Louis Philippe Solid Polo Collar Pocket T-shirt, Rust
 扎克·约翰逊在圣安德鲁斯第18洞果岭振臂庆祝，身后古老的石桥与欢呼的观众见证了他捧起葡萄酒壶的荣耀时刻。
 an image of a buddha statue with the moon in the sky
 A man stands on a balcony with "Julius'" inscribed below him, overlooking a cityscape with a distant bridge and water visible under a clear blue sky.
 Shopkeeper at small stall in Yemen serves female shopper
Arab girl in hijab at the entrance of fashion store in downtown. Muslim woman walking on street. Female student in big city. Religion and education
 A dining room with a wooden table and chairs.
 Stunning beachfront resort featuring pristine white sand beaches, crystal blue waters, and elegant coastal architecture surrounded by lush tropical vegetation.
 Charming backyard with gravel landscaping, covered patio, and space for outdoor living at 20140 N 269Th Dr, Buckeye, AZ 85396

WORK INSTRUCTIONS -
Working down from the line that contains "Arab girl in", retype each line exactly through the last line of the data, and give nothing else.

SOLUTION -
Arab girl in hijab at the entrance of fashion store in downtown. Muslim woman walking on street. Female student in big city. Religion and education
 A dining room with a wooden table and chairs.
 Stunning beachfront resort featuring pristine white sand beaches, crystal blue waters, and elegant coastal architecture surrounded by lush tropical vegetation.
 Charming backyard with gravel landscaping, covered patio, and space for outdoor living at 20140 N 269Th Dr, Buckeye, AZ 85396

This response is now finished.